Araki has a name for himself which is "PhotoManiac". Something I believe that Winogrand had too. I believe that at some point everything makes sense in the world for a photographer, the camera and its surrounding in perfect unison and its there for the taking and its a photographers duty to seize that and own it. (Sorry if it sounds like hippy S**t,) not the best at explaining my case through written word.
Blake be sure to give me a call when you come to S.F. I would like you to to see something.

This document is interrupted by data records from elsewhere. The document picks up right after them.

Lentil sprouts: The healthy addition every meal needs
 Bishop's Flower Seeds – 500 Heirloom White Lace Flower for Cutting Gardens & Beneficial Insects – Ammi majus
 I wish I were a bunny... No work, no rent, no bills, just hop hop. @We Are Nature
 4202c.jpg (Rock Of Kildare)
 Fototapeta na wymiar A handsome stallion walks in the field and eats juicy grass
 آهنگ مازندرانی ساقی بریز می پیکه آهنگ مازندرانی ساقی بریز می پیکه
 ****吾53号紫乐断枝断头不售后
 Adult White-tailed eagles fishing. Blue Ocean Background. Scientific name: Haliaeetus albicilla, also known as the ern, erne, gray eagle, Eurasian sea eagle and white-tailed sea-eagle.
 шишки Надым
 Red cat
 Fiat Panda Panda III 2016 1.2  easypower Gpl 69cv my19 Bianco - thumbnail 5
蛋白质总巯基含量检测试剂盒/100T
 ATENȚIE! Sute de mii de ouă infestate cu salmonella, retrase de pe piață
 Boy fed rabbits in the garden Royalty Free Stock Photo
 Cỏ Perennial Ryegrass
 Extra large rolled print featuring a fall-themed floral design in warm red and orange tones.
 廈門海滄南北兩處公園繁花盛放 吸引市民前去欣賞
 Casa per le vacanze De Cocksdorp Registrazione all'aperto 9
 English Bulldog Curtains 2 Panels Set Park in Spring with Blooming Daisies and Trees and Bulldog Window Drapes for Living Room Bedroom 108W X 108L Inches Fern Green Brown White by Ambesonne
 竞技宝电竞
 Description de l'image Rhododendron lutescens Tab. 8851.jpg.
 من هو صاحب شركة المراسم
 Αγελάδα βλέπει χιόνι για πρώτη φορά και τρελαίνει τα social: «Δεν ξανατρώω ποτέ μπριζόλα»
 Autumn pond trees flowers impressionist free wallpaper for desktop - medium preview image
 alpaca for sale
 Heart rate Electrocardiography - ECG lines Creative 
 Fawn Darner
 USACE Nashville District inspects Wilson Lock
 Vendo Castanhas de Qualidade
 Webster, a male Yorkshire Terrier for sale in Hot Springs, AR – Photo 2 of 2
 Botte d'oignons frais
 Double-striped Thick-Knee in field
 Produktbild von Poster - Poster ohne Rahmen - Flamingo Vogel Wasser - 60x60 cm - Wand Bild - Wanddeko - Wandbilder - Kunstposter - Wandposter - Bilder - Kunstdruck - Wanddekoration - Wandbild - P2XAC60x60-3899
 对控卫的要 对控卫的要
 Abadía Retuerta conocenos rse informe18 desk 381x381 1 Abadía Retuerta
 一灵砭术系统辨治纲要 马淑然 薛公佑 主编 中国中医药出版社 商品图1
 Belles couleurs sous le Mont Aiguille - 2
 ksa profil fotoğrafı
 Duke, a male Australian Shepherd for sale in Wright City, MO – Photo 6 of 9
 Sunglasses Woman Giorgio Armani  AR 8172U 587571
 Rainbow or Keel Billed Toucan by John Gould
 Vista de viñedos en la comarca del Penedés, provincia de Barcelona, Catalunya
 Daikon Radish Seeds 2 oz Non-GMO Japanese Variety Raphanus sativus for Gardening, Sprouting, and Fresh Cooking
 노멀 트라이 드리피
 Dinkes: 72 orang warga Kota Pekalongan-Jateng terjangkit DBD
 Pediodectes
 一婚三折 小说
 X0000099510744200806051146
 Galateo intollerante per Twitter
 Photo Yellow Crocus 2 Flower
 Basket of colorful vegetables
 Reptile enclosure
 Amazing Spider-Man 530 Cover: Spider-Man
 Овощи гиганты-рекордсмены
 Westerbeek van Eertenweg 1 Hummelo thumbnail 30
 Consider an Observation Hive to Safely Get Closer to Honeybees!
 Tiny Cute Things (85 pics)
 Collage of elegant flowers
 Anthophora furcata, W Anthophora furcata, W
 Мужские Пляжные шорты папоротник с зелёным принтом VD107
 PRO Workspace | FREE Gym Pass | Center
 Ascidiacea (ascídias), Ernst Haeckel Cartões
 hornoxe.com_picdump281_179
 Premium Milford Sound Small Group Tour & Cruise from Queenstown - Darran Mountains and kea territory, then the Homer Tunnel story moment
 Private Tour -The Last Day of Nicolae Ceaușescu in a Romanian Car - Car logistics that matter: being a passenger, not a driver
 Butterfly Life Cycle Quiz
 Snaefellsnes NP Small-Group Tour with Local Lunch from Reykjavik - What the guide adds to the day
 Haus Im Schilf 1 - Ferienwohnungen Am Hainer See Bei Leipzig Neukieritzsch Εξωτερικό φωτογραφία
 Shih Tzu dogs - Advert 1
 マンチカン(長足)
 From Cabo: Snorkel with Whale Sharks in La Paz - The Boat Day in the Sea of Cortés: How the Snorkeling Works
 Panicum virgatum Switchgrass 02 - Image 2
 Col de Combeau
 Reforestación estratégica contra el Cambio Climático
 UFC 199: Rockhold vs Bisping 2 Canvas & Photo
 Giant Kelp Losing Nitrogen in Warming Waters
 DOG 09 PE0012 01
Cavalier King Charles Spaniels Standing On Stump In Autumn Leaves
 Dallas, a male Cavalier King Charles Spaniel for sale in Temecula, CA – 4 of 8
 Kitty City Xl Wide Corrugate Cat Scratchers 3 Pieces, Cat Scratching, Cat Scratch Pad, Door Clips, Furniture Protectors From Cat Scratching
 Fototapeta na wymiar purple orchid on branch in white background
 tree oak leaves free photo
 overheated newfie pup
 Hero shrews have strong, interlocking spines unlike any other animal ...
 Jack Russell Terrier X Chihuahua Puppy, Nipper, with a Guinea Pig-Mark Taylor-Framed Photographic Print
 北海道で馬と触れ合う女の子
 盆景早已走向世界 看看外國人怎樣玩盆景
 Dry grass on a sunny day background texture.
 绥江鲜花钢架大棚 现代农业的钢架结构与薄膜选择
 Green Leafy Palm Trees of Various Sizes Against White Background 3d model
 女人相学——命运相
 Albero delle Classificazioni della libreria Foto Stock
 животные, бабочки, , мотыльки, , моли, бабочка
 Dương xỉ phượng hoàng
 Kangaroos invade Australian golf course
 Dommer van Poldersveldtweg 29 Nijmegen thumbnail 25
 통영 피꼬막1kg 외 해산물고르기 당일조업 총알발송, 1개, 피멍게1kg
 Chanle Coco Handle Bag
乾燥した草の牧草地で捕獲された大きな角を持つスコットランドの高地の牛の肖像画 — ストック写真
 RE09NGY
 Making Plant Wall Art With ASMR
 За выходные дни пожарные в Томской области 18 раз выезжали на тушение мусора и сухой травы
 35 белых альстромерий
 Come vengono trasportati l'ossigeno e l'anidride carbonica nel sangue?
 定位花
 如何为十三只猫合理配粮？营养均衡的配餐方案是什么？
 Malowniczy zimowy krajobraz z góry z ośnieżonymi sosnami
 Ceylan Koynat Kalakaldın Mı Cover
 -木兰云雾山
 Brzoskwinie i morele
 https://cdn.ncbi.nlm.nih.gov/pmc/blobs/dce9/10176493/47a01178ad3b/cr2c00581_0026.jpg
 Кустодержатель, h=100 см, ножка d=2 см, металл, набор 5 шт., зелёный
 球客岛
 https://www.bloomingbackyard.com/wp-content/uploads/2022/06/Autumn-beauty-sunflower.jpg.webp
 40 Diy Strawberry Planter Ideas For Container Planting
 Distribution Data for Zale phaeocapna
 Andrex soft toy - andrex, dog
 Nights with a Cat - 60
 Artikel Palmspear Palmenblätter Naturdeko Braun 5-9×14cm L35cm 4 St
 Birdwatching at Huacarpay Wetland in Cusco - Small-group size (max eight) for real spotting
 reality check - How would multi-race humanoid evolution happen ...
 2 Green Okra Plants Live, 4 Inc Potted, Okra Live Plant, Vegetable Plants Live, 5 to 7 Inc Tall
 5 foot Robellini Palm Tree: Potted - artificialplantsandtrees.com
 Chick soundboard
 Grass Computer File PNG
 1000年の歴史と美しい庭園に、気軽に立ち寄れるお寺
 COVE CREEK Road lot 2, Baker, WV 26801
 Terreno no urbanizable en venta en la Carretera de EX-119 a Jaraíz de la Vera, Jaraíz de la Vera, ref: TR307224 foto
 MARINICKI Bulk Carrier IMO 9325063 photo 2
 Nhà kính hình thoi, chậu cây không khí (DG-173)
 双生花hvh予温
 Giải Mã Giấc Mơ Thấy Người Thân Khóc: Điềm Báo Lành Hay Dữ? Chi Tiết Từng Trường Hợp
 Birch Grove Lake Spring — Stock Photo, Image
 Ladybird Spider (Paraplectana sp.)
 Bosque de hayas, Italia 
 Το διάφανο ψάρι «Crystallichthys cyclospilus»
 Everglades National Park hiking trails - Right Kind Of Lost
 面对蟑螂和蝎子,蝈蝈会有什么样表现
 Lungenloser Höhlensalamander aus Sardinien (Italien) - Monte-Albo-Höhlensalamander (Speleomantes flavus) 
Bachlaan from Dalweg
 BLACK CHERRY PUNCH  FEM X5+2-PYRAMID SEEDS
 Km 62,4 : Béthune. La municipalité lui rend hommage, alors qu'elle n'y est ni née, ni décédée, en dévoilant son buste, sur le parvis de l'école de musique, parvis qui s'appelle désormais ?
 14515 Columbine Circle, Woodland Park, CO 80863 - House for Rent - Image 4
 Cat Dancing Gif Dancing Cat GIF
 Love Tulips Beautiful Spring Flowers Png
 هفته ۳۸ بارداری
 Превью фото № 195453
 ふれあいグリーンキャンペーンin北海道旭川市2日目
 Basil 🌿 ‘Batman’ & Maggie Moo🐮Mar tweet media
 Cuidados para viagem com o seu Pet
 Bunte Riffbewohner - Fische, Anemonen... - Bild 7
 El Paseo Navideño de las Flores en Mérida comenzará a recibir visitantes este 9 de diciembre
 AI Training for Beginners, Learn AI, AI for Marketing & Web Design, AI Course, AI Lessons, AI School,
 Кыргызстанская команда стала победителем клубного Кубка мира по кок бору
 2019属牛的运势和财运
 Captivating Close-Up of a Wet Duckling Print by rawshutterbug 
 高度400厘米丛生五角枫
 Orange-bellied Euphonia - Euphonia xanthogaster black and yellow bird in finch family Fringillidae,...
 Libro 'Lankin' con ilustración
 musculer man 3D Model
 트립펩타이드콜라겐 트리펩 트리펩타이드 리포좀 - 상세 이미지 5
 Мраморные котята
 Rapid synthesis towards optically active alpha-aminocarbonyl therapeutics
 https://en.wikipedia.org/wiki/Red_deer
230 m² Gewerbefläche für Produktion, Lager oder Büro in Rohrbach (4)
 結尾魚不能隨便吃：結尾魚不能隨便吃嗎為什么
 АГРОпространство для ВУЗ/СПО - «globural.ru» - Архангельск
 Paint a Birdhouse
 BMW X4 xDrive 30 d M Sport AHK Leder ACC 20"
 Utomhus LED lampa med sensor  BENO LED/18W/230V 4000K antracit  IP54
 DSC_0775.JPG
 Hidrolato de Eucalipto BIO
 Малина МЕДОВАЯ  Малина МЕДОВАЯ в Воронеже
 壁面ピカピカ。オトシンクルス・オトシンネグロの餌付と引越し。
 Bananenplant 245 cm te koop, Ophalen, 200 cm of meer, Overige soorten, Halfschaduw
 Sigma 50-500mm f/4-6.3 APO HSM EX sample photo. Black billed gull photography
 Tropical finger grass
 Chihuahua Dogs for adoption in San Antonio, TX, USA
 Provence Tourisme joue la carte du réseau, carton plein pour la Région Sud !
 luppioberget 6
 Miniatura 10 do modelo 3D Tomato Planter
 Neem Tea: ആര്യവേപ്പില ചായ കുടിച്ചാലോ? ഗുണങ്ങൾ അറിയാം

All this make me think if the photographer vision is more tied to his/her own edits or the whole of the raw work. Yes, both are linked but there are a reason to only pick some frames and not to show all. The difficult that GaryS commented about Winogrand difficult to edit is because he did a lot of photos. He had difficult from the start to edit in camera. This don't mean that he wanted to show all. Edition is necessary and important in the way we show our work. Obviously I have a lot of interest in know all the other stuff but I tend to think, as Stan B., that is most for biographical purposes or curiosity about Winogrand's way of work.
By the way this is a good chance to remember who Leo Rubinfien really is, not just as a writer but as a photographer and this video is a fitting starting point.
http://www.americansuburbx.com/2011/04/asx-tv-leo-rubinfein-paths-through-the-global-city-photographs-by-leo-rubinfien-2011.html
Thank you for the profound and lengthy article Blake...and for the pdf.
More questions raised than answered but this is indicative of any worthy piece of writing.
Agree Chuck... we know more about Winogrand than we do about Friedlander.
Great conversation. I go with Chuck when he suggests that Winogrand is the pre-eminent photographer of the most convulsive period in modern American history. If nothing else, his output is an impeachable archive of what the American nation and its people fought for, played with, revelled in, gorged on on, fretted over and feared deeply. No need to look for his worth in the phsycological studies and photographic mania, it's all there in the archive. I wish I could go through it myself.....
Stephen
Very good writing Blake. I'm totally sold on Winogrand, no need to elaborate on that. I'm just back from my local bookshop and saw the big book recently published about GW. Was sealed and could not have a look. I understand it's the catalog of that SFMoMA exhibition. I'll probably buy it... Anyone has feedback ?
Jacques, I do not yet have the book but I've browsed a friend's copy. I would recommend getting it. There are some problems with it but in general it's a good effort. I'll have a more detailed review soon. In the meantime I think some other places online have written about it.